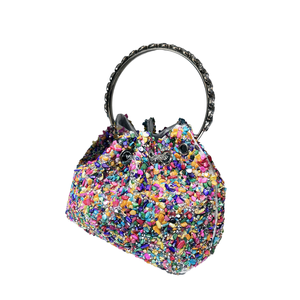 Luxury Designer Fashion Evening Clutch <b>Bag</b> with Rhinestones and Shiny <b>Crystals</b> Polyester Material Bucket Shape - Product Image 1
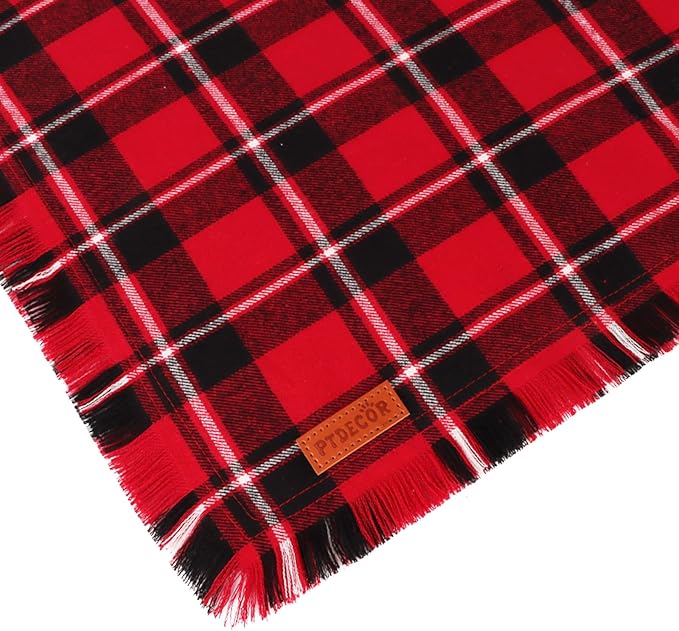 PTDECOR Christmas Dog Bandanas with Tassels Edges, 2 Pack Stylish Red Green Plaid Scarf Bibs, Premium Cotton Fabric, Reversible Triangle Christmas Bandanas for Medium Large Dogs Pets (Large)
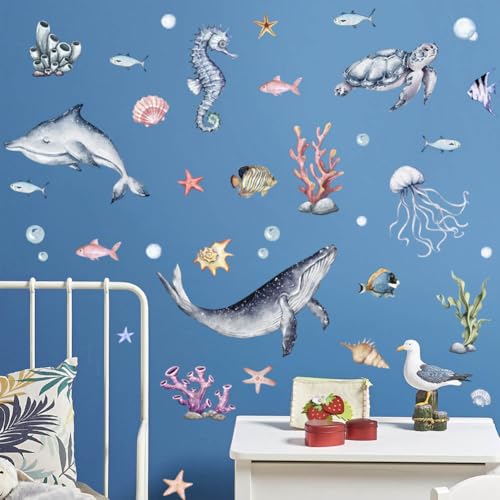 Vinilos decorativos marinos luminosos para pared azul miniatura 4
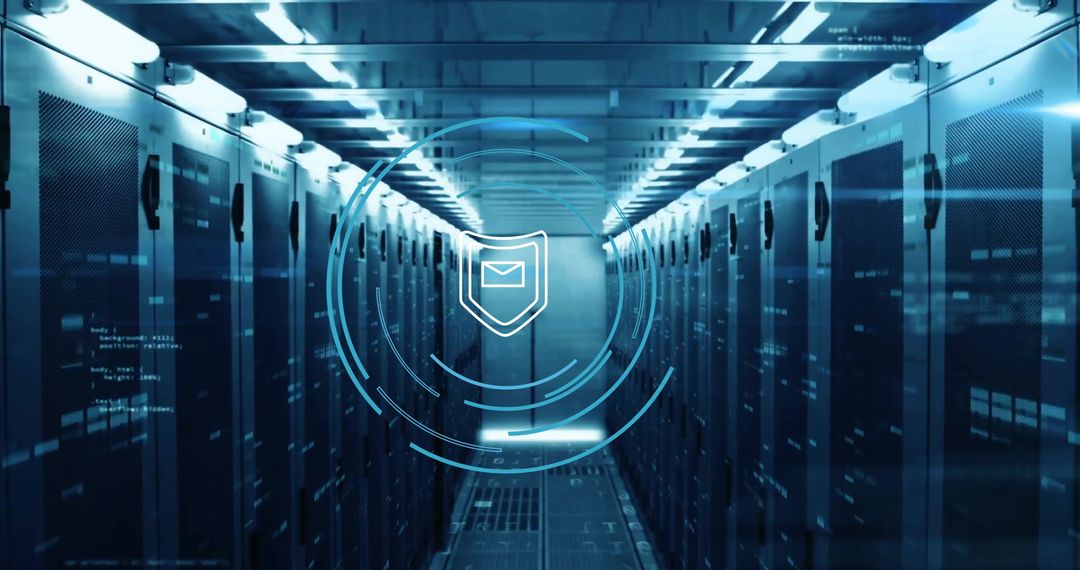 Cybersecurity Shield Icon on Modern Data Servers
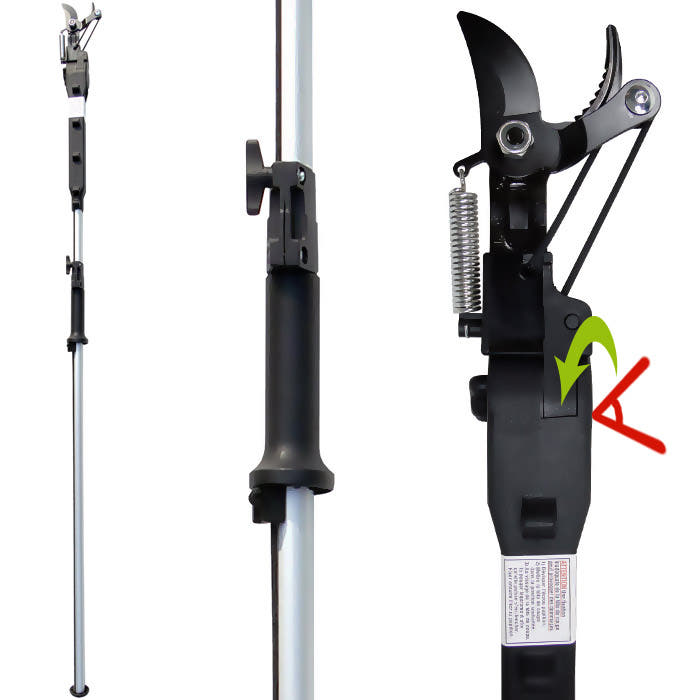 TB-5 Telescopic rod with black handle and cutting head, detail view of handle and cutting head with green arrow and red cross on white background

-*-*-

*Task brief*: When you copy the entries above, reproduce each line exactly and leave out any pictures.

*Response to the task*:
 Luxury Designer Fashion Evening Clutch <b>Bag</b> with Rhinestones and Shiny <b>Crystals</b> Polyester Material Bucket Shape - Product Image 1
 PTDECOR Christmas Dog Bandanas with Tassels Edges, 2 Pack Stylish Red Green Plaid Scarf Bibs, Premium Cotton Fabric, Reversible Triangle Christmas Bandanas for Medium Large Dogs Pets (Large)
 Vinilos decorativos marinos luminosos para pared azul miniatura 4
 Cybersecurity Shield Icon on Modern Data Servers
 TB-5 Telescopic rod with black handle and cutting head, detail view of handle and cutting head with green arrow and red cross on white background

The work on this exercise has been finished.